*** Opening Records provided ***

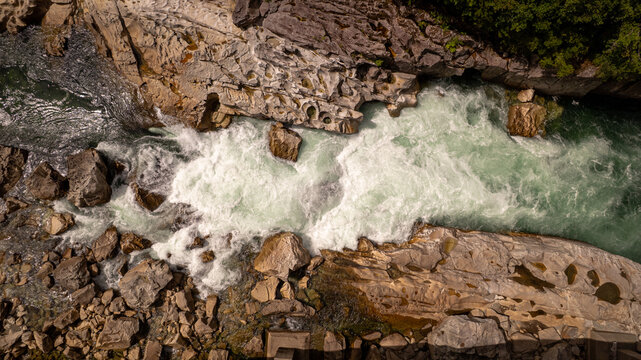 Aerial view of a fast-flowing river with white water rapids rushing over rugged rocks in the wilderness of Patagonia Puerto Williams, Magallanes, Chile.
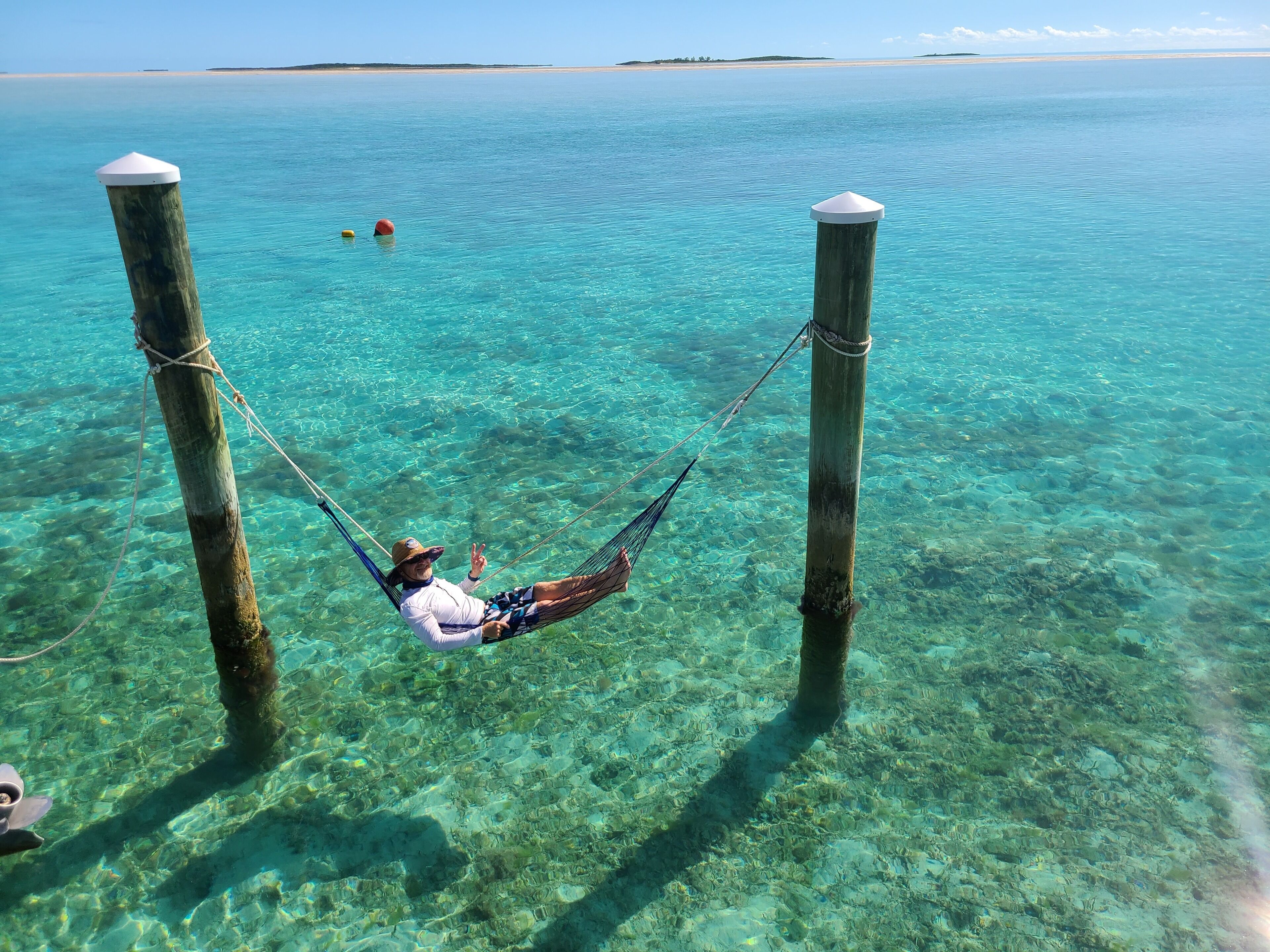 A hammock tied between two posts over clear turquoise water, with a person relaxing in it.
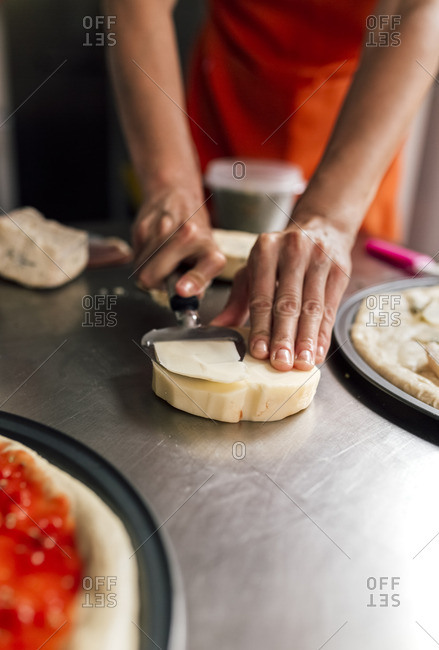 Woman\'s hand using cheese slicer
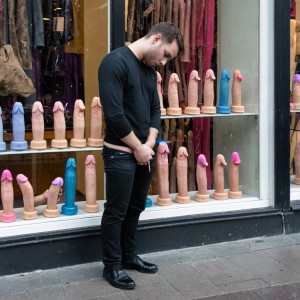 Un hombre sumiso muy triste mirando un escaparate lleno de dildos 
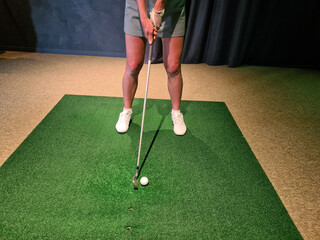 Wall Mural - Professional female golfer playing golf indoors on golf simulator closeup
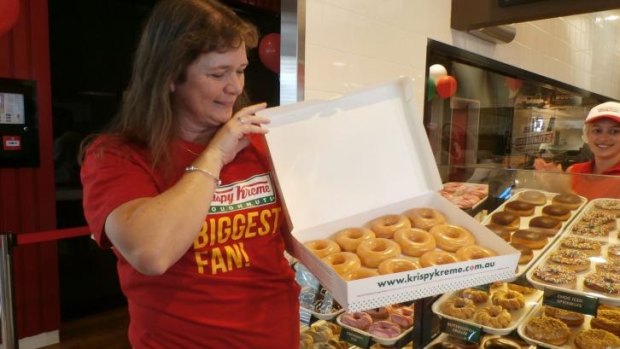 People queued for days to score free doughnuts at the first store opening.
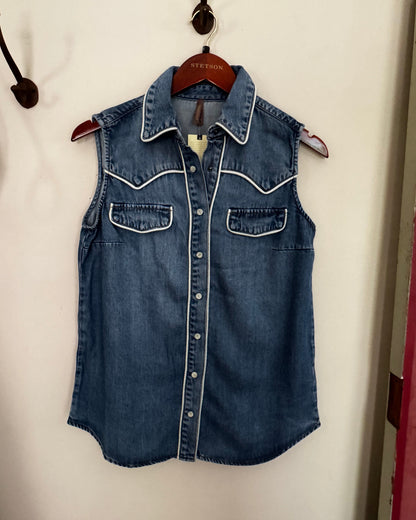 Folded denim shirt on a white surface with a hanger.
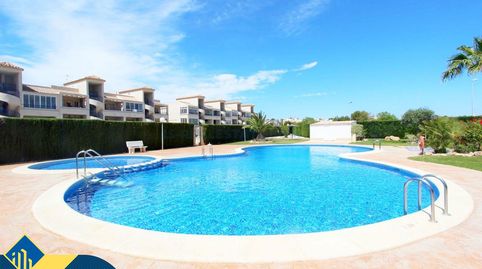 Apartamento con piscina comunitaria, en la provincia de Alicante, en la localidad de Orihuela Costa. 2 habitaciones | 72 m² | A 2,
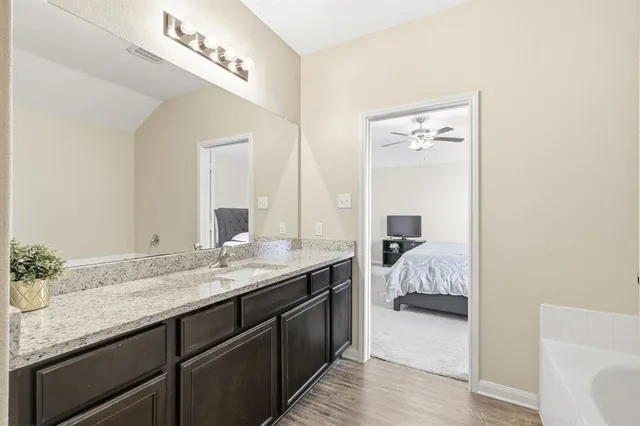 a bathroom with a tub and shower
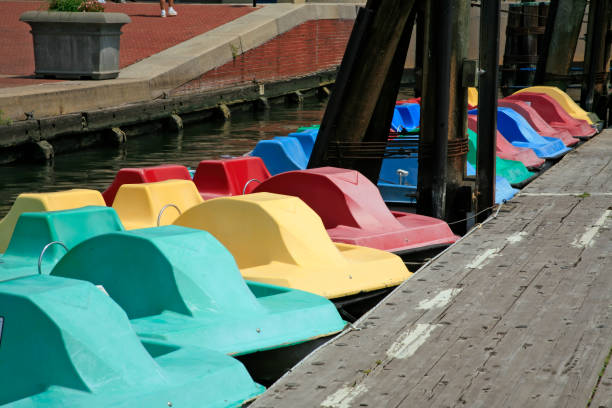 istock Colorful pedal boats on water 1262377059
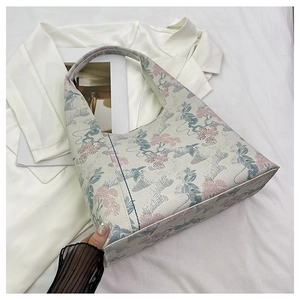 Detail of Chinese style crescent bag featuring elegant floral embroidery and fabric texture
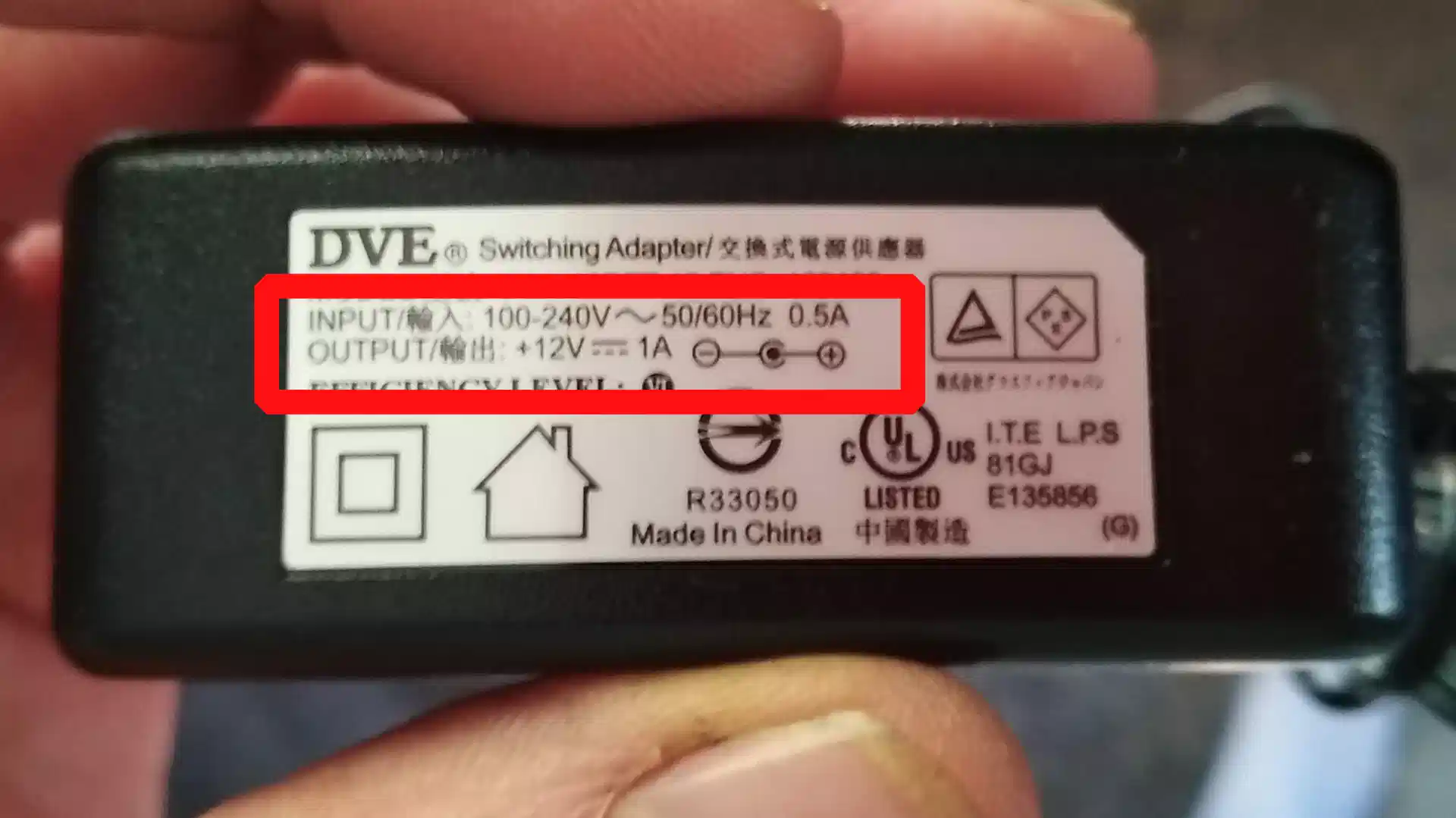 hand holding a power adapter with the rear label visible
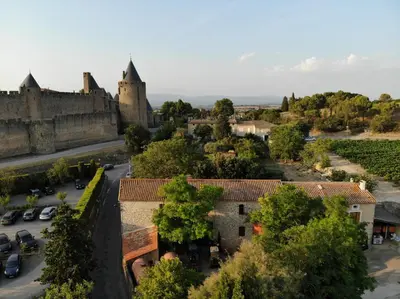 an aerial view of a town with a castle at Domaine Fontgrande Gîte in Carcassonne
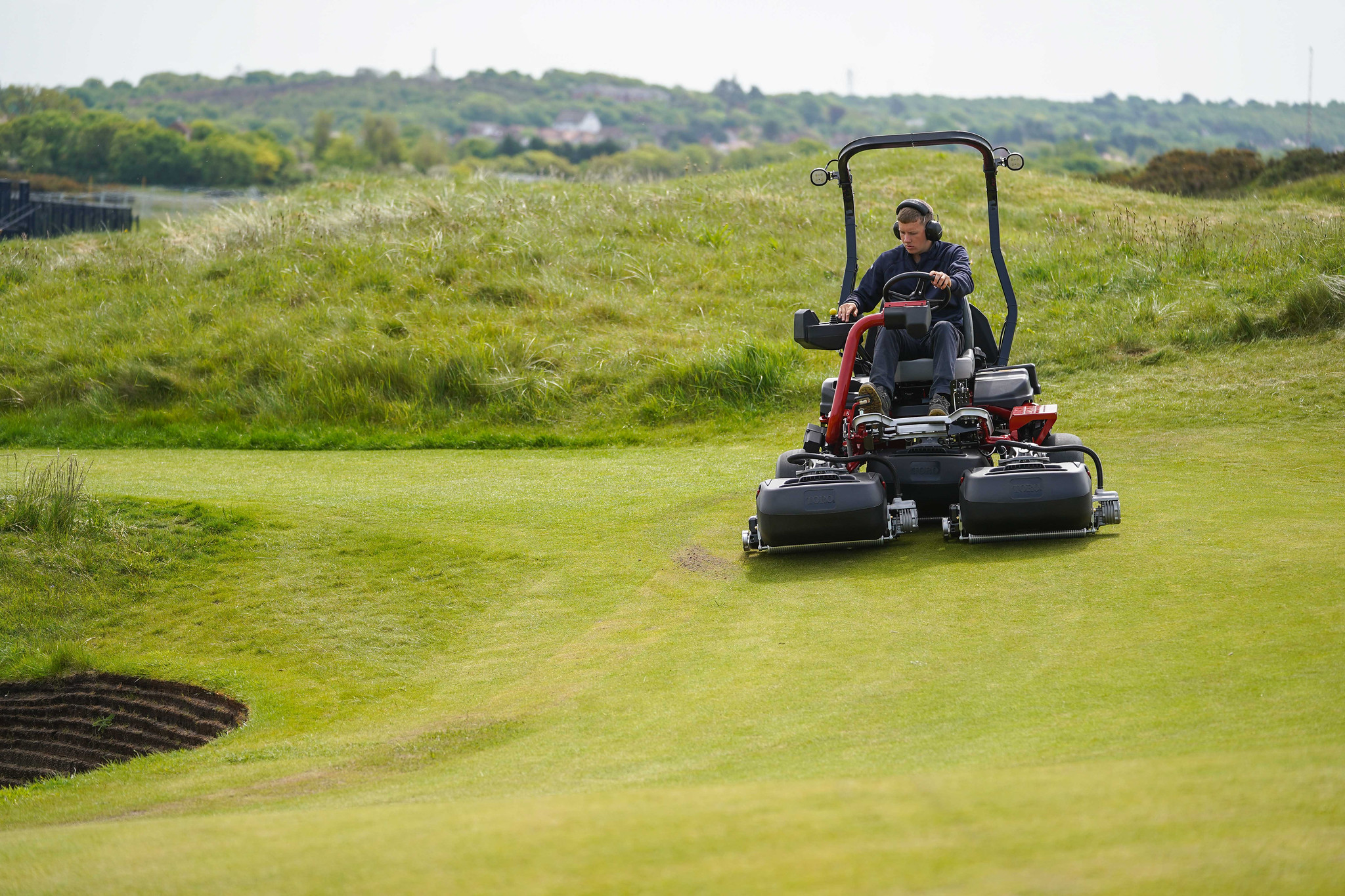 A greenkeeper mowing a golf course using a Toro Greensmaster eTriFlex 3370 all-electric ride-on cylinder mower.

*** Closing Records provided ***

What you have to do | Copy the entries above faithfully and omit every image.

Exercise solution |
 Aerial view of a fast-flowing river with white water rapids rushing over rugged rocks in the wilderness of Patagonia Puerto Williams, Magallanes, Chile.
 A hammock tied between two posts over clear turquoise water, with a person relaxing in it.
 Woman\'s hand using cheese slicer
 Un hombre sumiso muy triste mirando un escaparate lleno de dildos 
 Wall Mural - Professional female golfer playing golf indoors on golf simulator closeup
 People queued for days to score free doughnuts at the first store opening.
 Folded denim shirt on a white surface with a hanger.
 Apartamento con piscina comunitaria, en la provincia de Alicante, en la localidad de Orihuela Costa. 2 habitaciones | 72 m² | A 2,
 a bathroom with a tub and shower
 istock Colorful pedal boats on water 1262377059
 Detail of Chinese style crescent bag featuring elegant floral embroidery and fabric texture
 hand holding a power adapter with the rear label visible
 an aerial view of a town with a castle at Domaine Fontgrande Gîte in Carcassonne
 A greenkeeper mowing a golf course using a Toro Greensmaster eTriFlex 3370 all-electric ride-on cylinder mower.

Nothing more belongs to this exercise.